Lors de la vaccination, le
médecin inocule soit le micro-organisme responsable de la maladie
dont on voudrait protéger le patient, soit divers poisons fabriqués
par ces micro-organismes. Le produit final étant toujours complété
par une substance toxique et souvent hautement allergisante baptisée
«adjuvant» telle le mercure, l'aluminium... Cette inoculation se
fait au mépris de toutes les règles de prudence en usage pour les
traitements médicaux (primum non nocere). Elle est «réputée»
inoffensive et toujours efficace, sans que jamais la moindre étude
épidémiologique sérieuse n'ait été effectuée, étant donné que
l'immunité naturelle n'est pas quantifiable... Curieusement, les
diverses moutures sont fréquemment remplacées par de nouvelles,
réputées moins dangereuses et plus efficaces, ...ceci pour rassurer
les médecins.
Des cellules contaminées
Les premiers vaccins mis au point par Pasteur lui-même, comme
celui de la rage, étaient en fait des organes d'animaux malades
broyés et inoculés directement (moelles épinières de lapins enragés
dans ce cas précis). Aujourd'hui, les vaccins viraux modernes sont
préparés le plus souvent sur des cultures de cellules animales (foie
de singe) ou humaines (issues des avortements), cancérisées
artificiellement (on les baptise alors gentiment «immortelles»), ou
encore d'emblée cancéreuses (lymphomes). C'est-à-dire qu'on fait
«pousser» les virus vaccinants sur ces milieux. C'est, dans tous les
cas, le «jus» de culture de ces cellules cancérisées qui est inoculé
aux patients, après filtration et traitements éventuels pour
atténuer ou tuer les virus !
Vaches folles ou savants fous ?
Les cellules cancérisées servant à fabriquer les vaccins doivent
être en très grand nombre : en effet, chaque dose vaccinale renferme
des quantités invraisemblables de virus ! 700.000, au moins, pour
une dose de vaccin anti-poliomyélitique par exemple. Or, les
fabricants de vaccins produisent des milliards de doses ! Pour
augmenter le rendement, l'on nourrit les cellules «immortelles» qui
servent à la culture des virus avec du sérum de veau qui possède un
facteur de croissance particulièrement actif.
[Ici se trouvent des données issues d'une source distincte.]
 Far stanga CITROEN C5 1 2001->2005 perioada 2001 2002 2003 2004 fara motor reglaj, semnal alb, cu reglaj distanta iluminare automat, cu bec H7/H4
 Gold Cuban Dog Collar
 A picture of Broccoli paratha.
Or, ce sérum de veau est susceptible d'être contaminé par des
prions, qui sont des micro-organismes encore plus résistants que les
virus, responsables de maladies comme l'Encéphalite de la vache
folle ou la maladie de Creutzfeldt-Jacob (démence abiotrophique).
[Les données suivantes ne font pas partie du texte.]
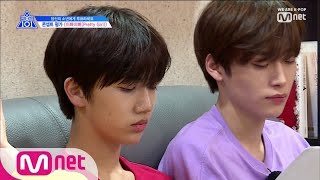 PRODUCE X 101 [9회] 목상태 악화, 메인 보컬 포지션 교체?! I 이뻐이뻐 클래스 190628 EP.9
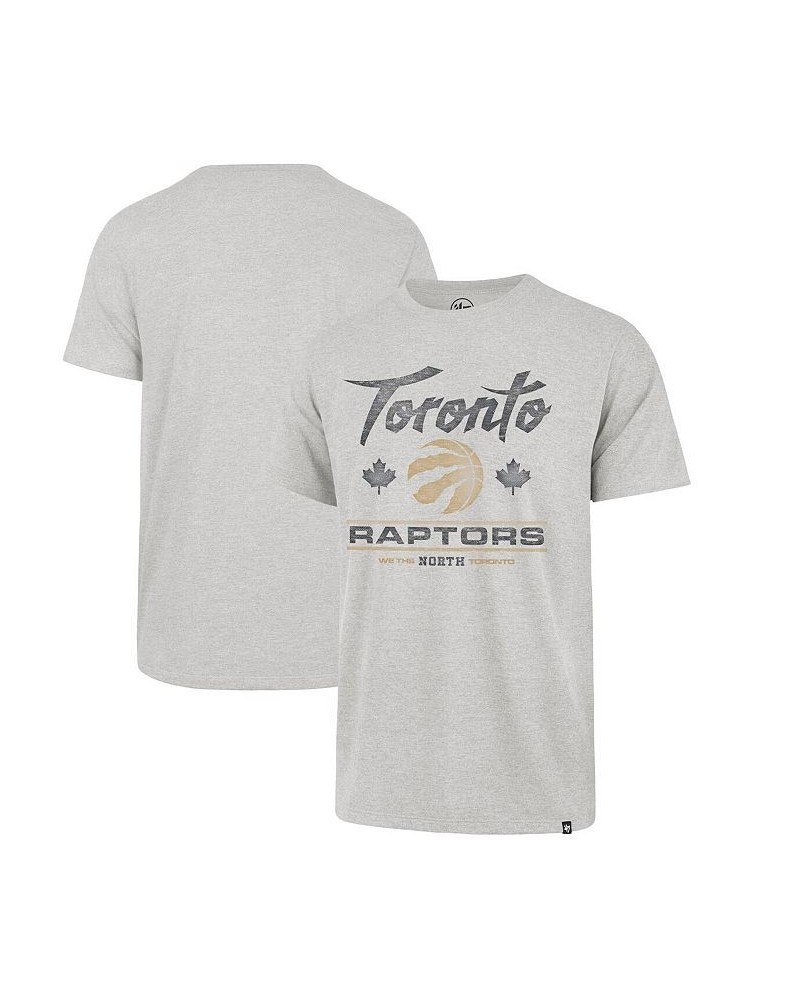 Men's '47 Gray Toronto Raptors 2021/22 City Edition Elements Franklin T-Shirt $14.72 T-Shirts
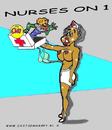 Cartoon: Nurses On One 15 (small) by cartoonharry tagged nurse,sexy,girl,clown,cartoonharry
Des virus cultivés sur du sérum de veau : comment ne pas évoquer
la maladie de la vache folle ? Ces maladies évoluent après de
longues incubations (trois à cinq ans en moyenne), ce qui permet
d'éviter tout «rapprochement» malheureux avec ces pathologies ou
d'autres maladies neurologiques comme la maladie de Alzheimer ou le
syndrome de Parkinson, par exemple. D'autant plus que les veaux
donneurs sont tués avant l'âge adulte, donc avant que l'on puisse
diagnostiquer la maladie à prions. Ce risque est tellement évident
qu'il est désormais interdit par la législation française d'utiliser
le moindre produit d'origine bovine pour la fabrication de
médicaments injectables !
Des virus résiduels
Le jus de culture obtenu est manipulé avant l'inoculation. On le
filtre, puis on atténue (soi-disant) le virus selon le type de
vaccin, avec des produits très toxiques, comme le méthotrexate ou le
formol. Il faut savoir qu'il est absolument impossible d'obtenir un
produit pur. L'Institut Pasteur-Mérieux parle d'une pureté de 99 %,
l'OMS de 90 à 95 % (Rapport technique 760, I987). De toutes façons,
il est bien difficile de contrôler les affirmations de nos
institutions vaccinales...
La manipulation génétique, vous aimez ?
Enfin, une nouvelle technique, réputée plus économique, vient
d'être mise au point : le génie génétique. Des enzymes et des
fragments de gènes issus de virus très cancérigènes (virus SV40 )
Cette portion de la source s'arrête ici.